Respondent's claim that he tried to protect the child is not supported by the record. Respondent fought with the mother after the child repeatedly asked them to stop. He may have been involved in telling the child to stay in the bathroom while he and the mother fought, but this was in any event a dubious protective measure, given the extremely small size of the apartment, as described by the police officer, and the child's almost certain ability to hear the screaming and struggling over a knife even from behind the bathroom door. Moreover, by entering the bathroom with his fingers lacerated and bloodied by the mother's use of a kitchen knife on him during the altercation, respondent exposed the child to the full extent of the violence between the adults, which she told petitioner's child protective specialist (CPS) scared her.

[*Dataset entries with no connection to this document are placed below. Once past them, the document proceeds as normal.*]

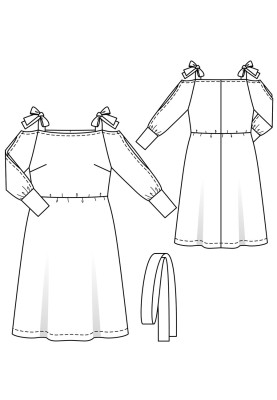 Pattern Dress with straps and slits on the sleeves (Burda 5/2018, pattern number 122)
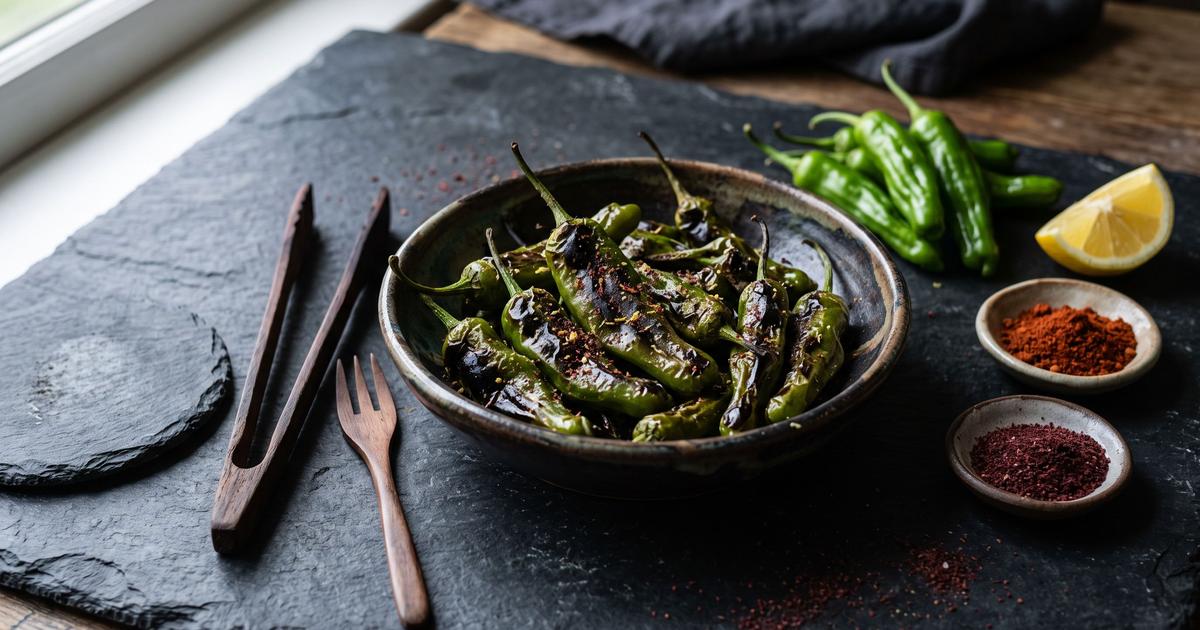 Blistered Shishito Peppers with Lemon and Sumac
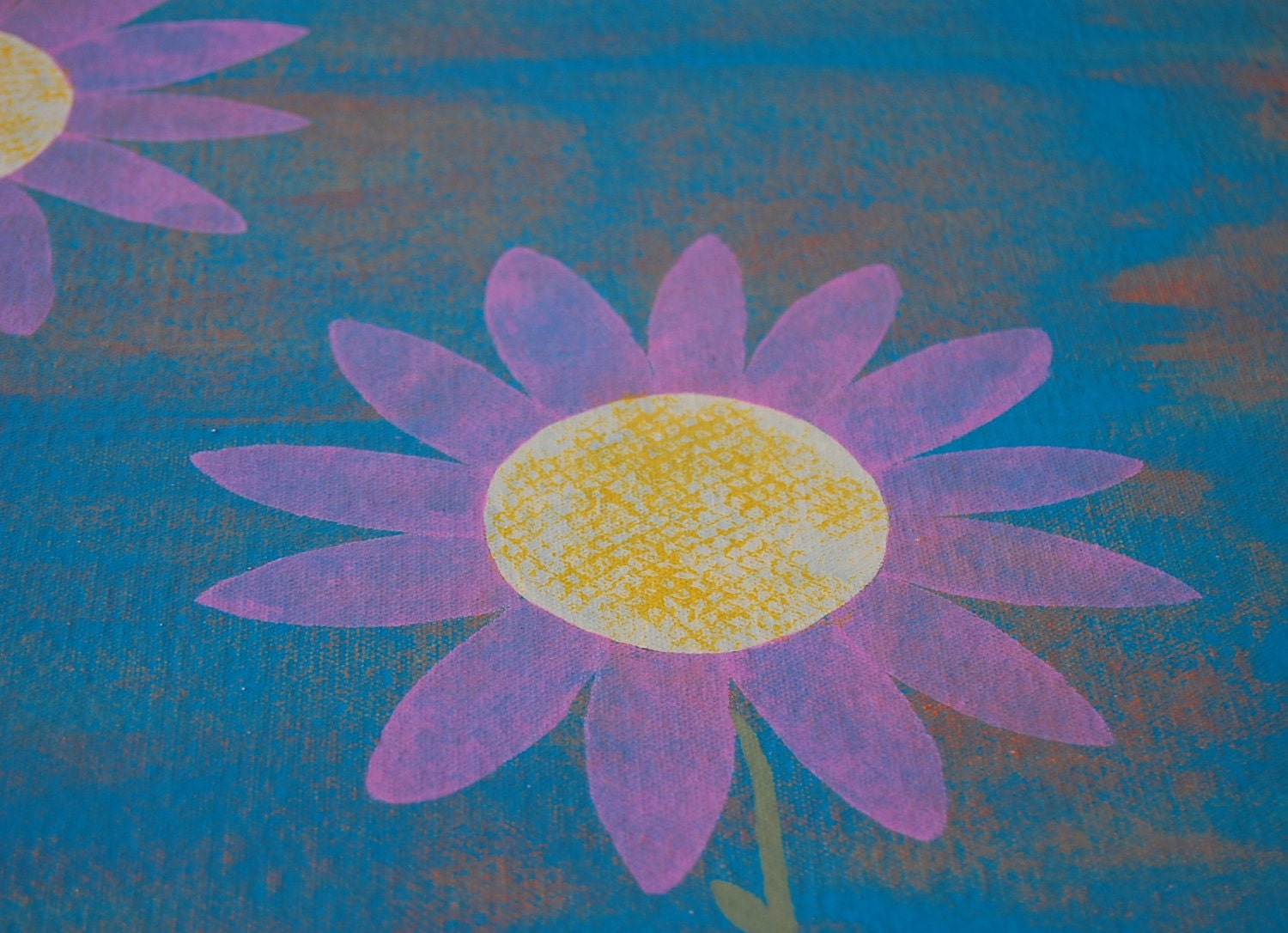 pink and white flowered floorcloth - canvas art for your floor - blue, orange
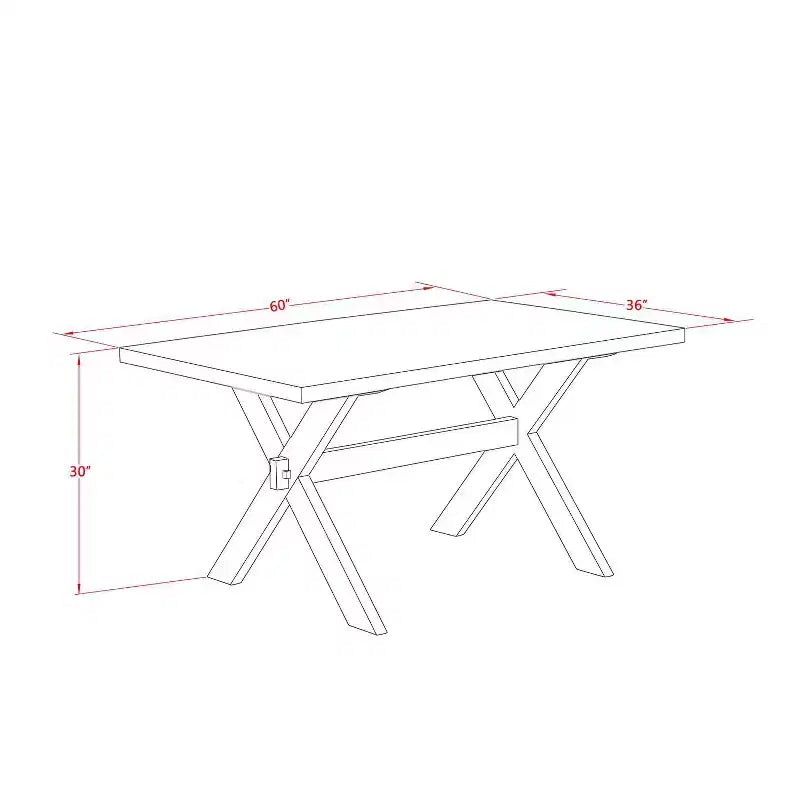 HomeStock Table de salle à manger rectangulaire 7 pièces en bois massif finition jacobine vieillie avec 6 chaises Parsons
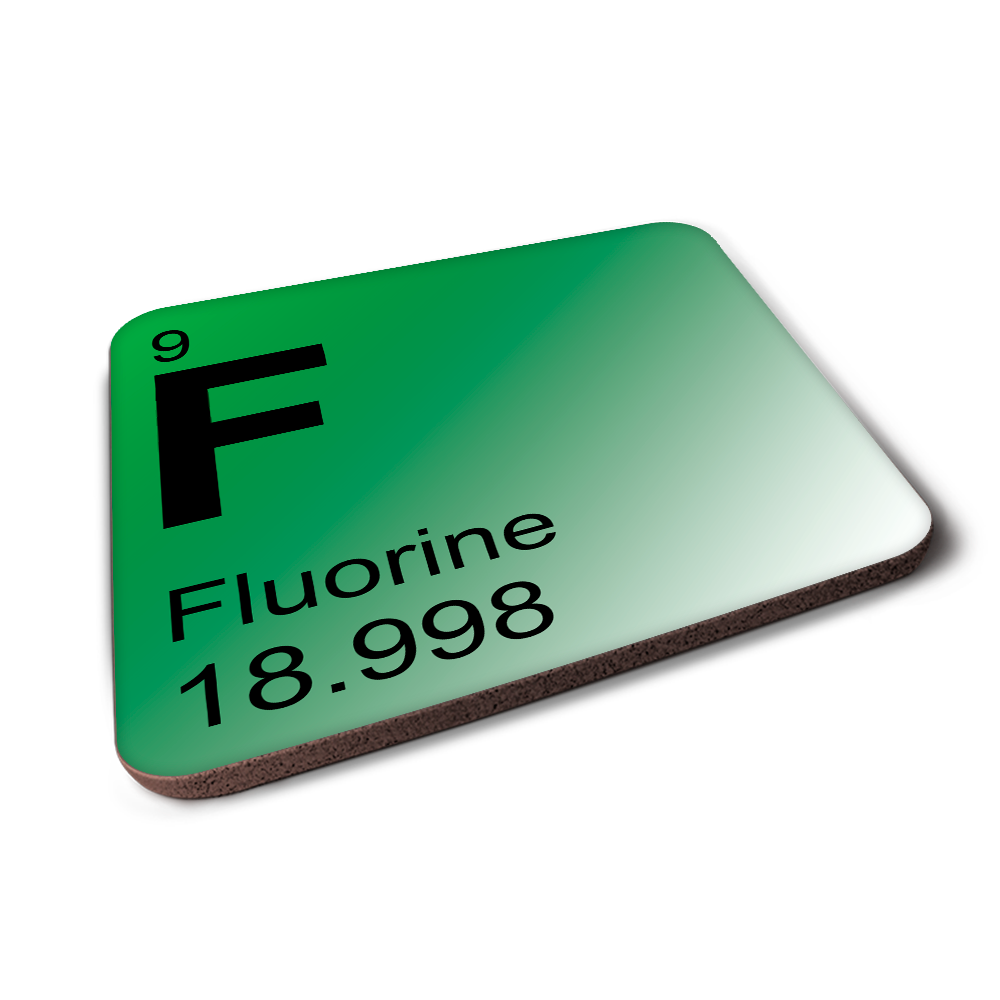 Fluorine (F) - Periodic Table Element Coaster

The record belies respondent's argument that the child was not impaired or in imminent danger of becoming impaired after witnessing the altercation (Family Court Act § 1012[f]). He cites her use of the word “sad,” but ignores the fact that the child said she was “scared,” and, given her close physical proximity to the altercation, which involved screaming, pushing, biting, and lacerations by knife, the circumstances leave no doubt that the child's emotional and mental health were impaired, or at serious risk of impairment, as a result of what she saw and heard (see e.g. Matter of O'Ryan Elizah H. [Kairo E.], 171 A.D.3d 429, 95 N.Y.S.3d 520 [1st Dept. 2019]; Matter of Heily A. [Flor F.-Gustavo A.], 165 A.D.3d 457, 85 N.Y.S.3d 52 [1st Dept. 2018]; Matter of Isabella S. [Robert T.], 154 A.D.3d 606, 62 N.Y.S.3d 362 [1st Dept. 2017]).

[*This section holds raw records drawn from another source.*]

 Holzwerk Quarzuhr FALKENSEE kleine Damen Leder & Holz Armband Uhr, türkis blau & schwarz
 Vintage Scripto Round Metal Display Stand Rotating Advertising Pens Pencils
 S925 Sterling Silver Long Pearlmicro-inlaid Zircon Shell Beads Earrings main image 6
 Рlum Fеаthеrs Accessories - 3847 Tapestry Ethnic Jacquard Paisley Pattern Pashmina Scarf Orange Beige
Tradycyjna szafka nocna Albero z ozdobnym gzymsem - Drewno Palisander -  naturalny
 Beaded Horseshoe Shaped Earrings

Respondent argues that the court's aid is not required and therefore the petition should be dismissed pursuant to Family Court Act § 1051(c), because he has no further plans to be in contact with the child. Assuming that respondent raised this argument before Family Court, we reject it. Respondent offers no evidence to support his claim that he has no plans to be in contact with the child ever again, and the record strongly suggests otherwise. Respondent referred to the child as his “baby.” He told the CPS and the police officer that he loved the child as though she were his flesh and blood and that he had been with her since day one. The CPS reported that the child perceived respondent as her father, and the mother similarly referred to him as such.

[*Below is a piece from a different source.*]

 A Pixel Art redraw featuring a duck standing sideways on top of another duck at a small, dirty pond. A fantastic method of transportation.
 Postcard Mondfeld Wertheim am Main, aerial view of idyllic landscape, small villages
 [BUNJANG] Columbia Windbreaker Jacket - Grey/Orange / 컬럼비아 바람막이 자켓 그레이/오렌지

Petitioner proved by a preponderance of the evidence that respondent also neglected the child by misusing alcohol and marijuana (Family Court Act §§ 1012[f][i][B]; 1046[a][iii] ). Contrary to respondent's contention that there is no evidence of the frequency or effects of his alcohol use, the child's unrebutted statements to the CPS encompass both points. She told the CPS that respondent drank every day, that his doing so made him sway from side to side and made him “crazy” and “different.” Respondent failed to offer evidence to the contrary or a reason to doubt the reliability of the child's statements. Nor did he say that he was in a rehabilitation program so as to render the statutory presumption of neglect based on misuse of alcohol inapplicable (see Family Court Act § 1046[a][iii]). Respondent argues that there is no evidence of the specific effects of his alcohol use on his parenting or treatment of the child. However, given respondent's regular alcohol use, the statute does not require such evidence (see Matter of Nasiim W. [Keala M.], 88 A.D.3d 452, 931 N.Y.S.2d 4 [1st Dept. 2011]). The evidence of respondent's marijuana use includes his own testimony that a normal day for him includes marijuana, and he freely admitted to the CPS that he used marijuana, an unrebutted admission corroborated by the mother's testimony. Respondent failed to rebut petitioner's prima facie case of neglect on this basis by showing that he is in drug rehabilitation (Matter of Shaun H. [Monique B.], 161 A.D.3d 559, 76 N.Y.S.3d 57 [1st Dept. 2018]; Matter of Nyheem E. [Jamila G.], 134 A.D.3d 517, 519, 23 N.Y.S.3d 9 [1st Dept. 2015]).

We have considered respondent's remaining arguments and find them unavailing.